◆ What the exercise asks:
From the line with "Máy xay thịt" through the last line of the records below, both ends included, transcribe only those lines, exactly, and omit the pictures.

◆ Provided data:
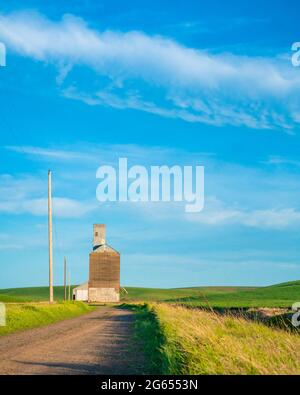 Blick auf den industriellen Getreideaufzug von der Weizenfarm im Bundesstaat Palouse, Washington Stockfoto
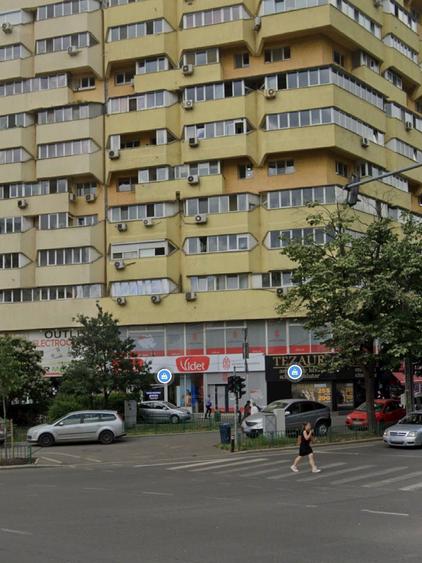 Pantelimon- Mega Mall-Piata Delfinului -suprafata 45mp-pret 1500 euro - 3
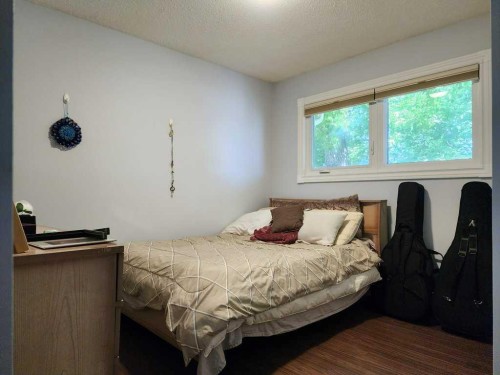 667 21St Street, Fort Macleod, AB - Indoor Photo Showing Bedroom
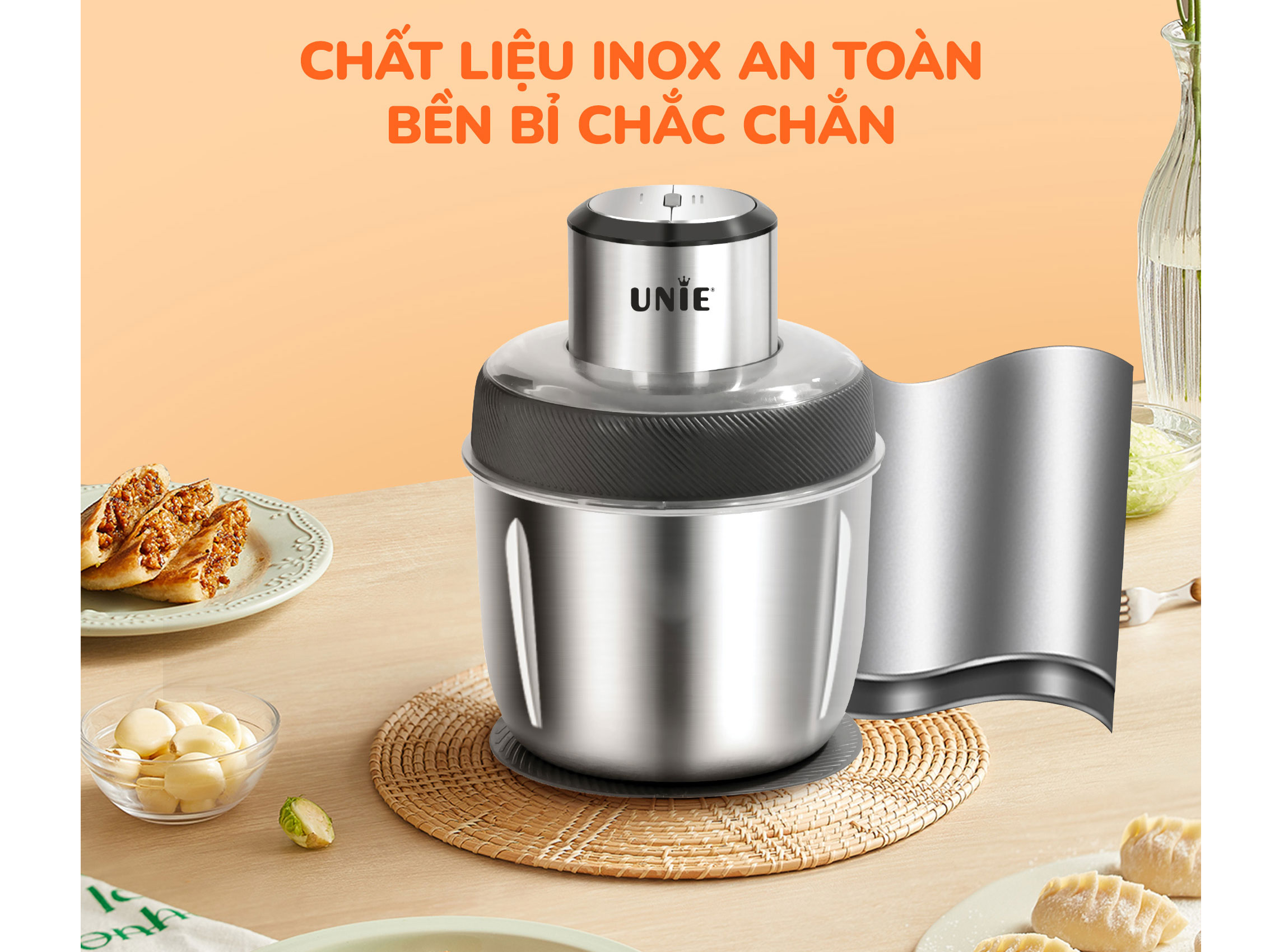 Máy xay thịt Unie UE226 sở hữu thiết kế gọn gàng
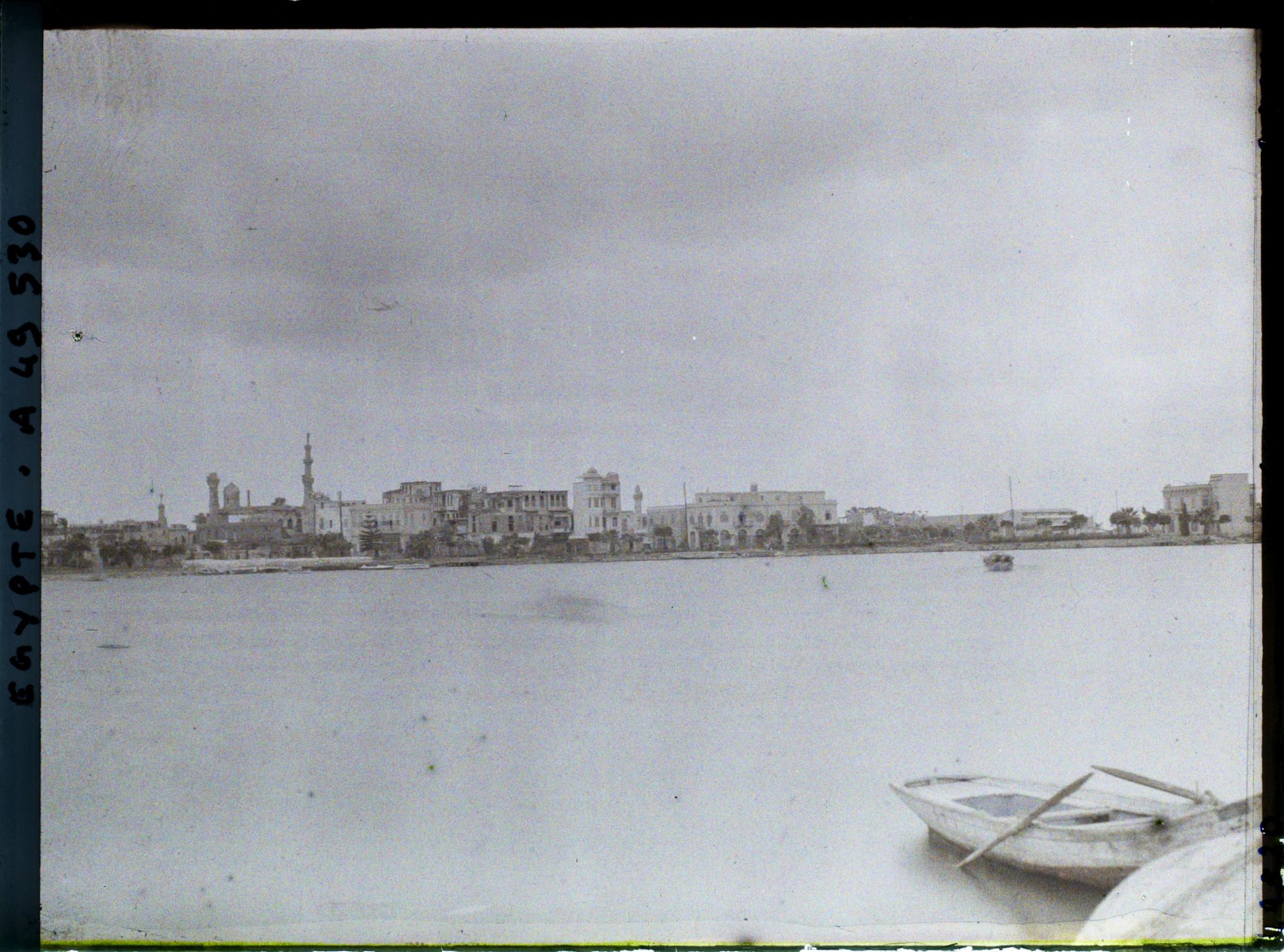 Image représentant La ville depuis le quai de la gare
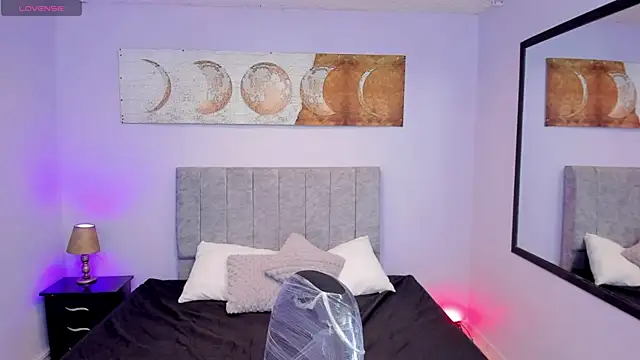 Lana stone  online show from 03-04-25, 03:33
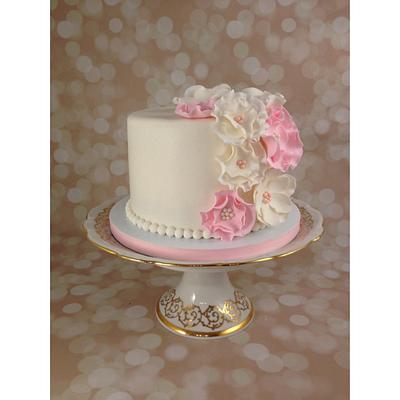 Ruffle Flower Cutting Cake - Cake by sweetonyou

◆ Task answer:
 Máy xay thịt Unie UE226 sở hữu thiết kế gọn gàng
 Image représentant La ville depuis le quai de la gare
 Lana stone  online show from 03-04-25, 03:33
 Ruffle Flower Cutting Cake - Cake by sweetonyou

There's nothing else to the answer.